TASK DETAILS. Only the lines from the one containing "Changing dresser Mia" to the end of the listing below should be returned, exactly as written and without pictures.

SUPPLIED MATERIAL.
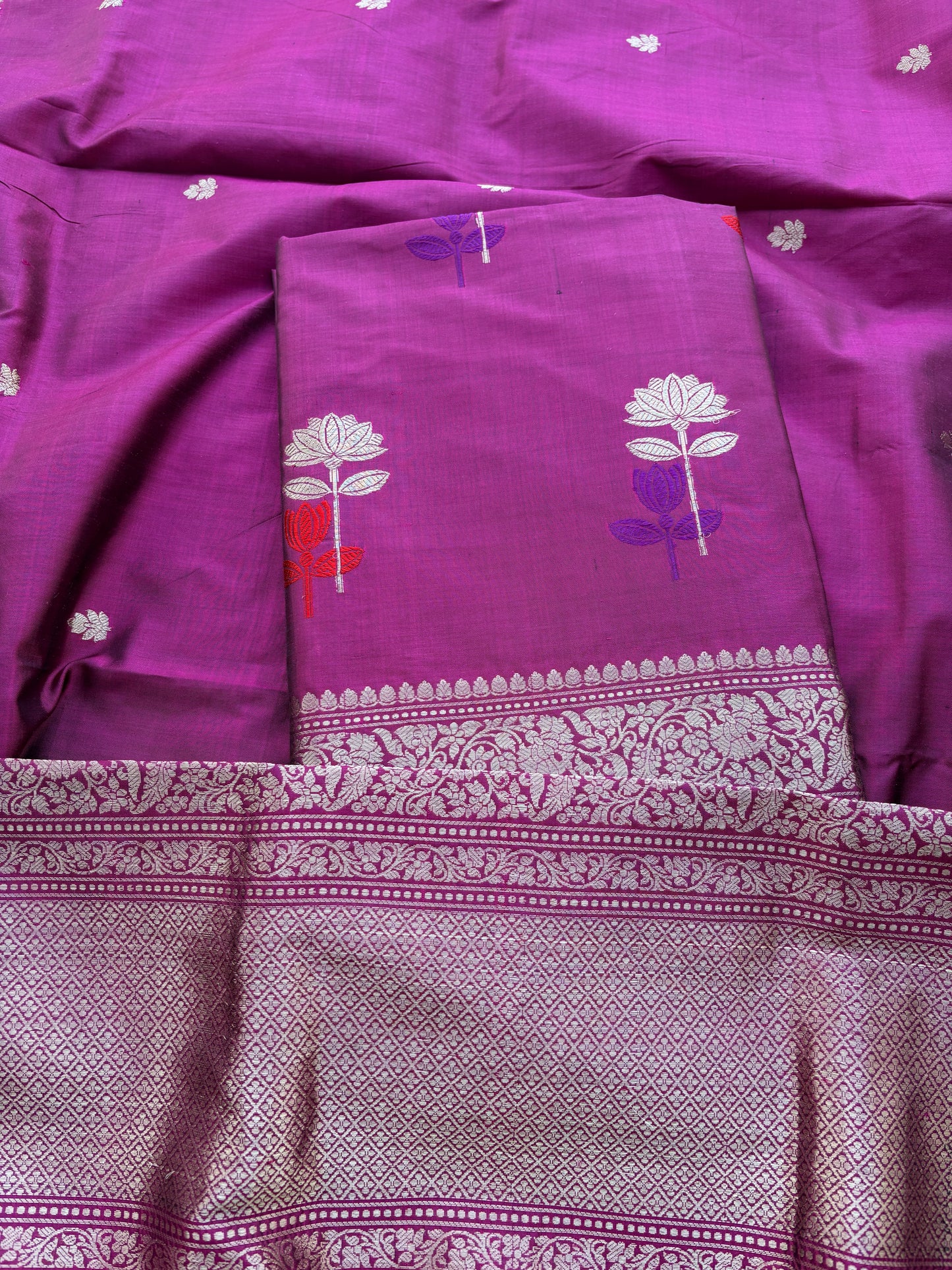 Magenta katan by katan silk suit set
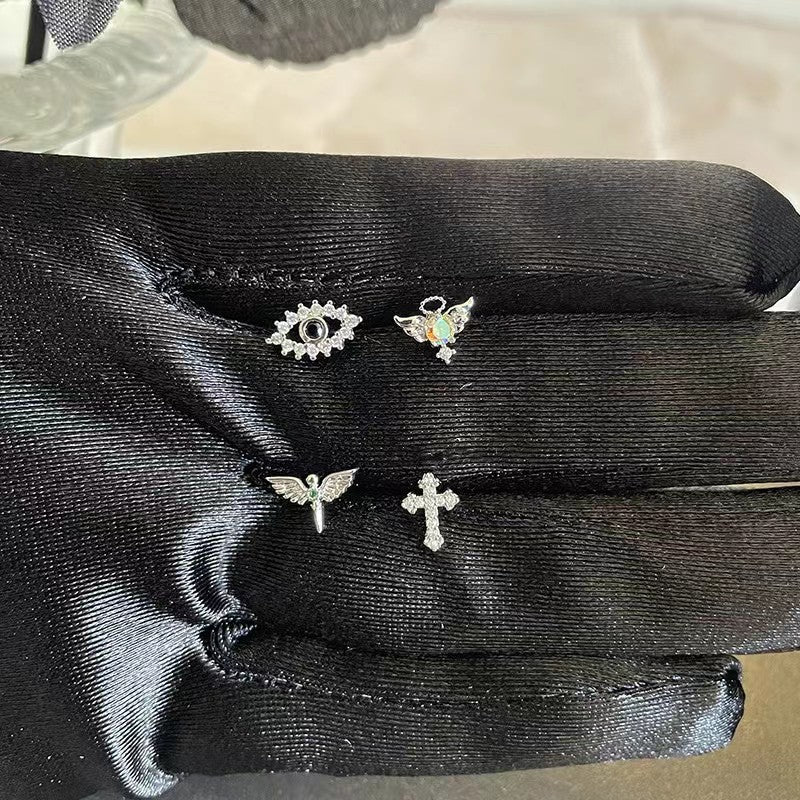 Chinese Style Cool Exquisite Devil's Eye Cross Combination Needle Temperament Rings
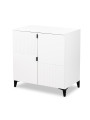 Changing dresser Mia in white wood / black legs - Little Sky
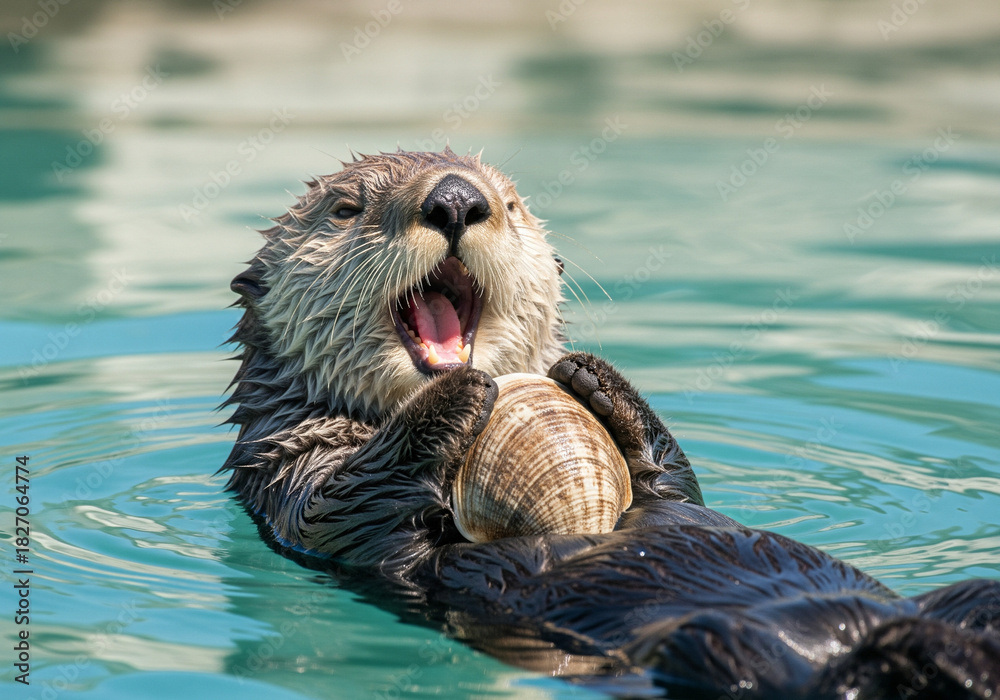 Fototapeta premium Wild sea otter with a cheerful mood cracking a clam while floating on its back in bright blue water.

ANSWER SECTION.
 Changing dresser Mia in white wood / black legs - Little Sky
 Fototapeta premium Wild sea otter with a cheerful mood cracking a clam while floating on its back in bright blue water.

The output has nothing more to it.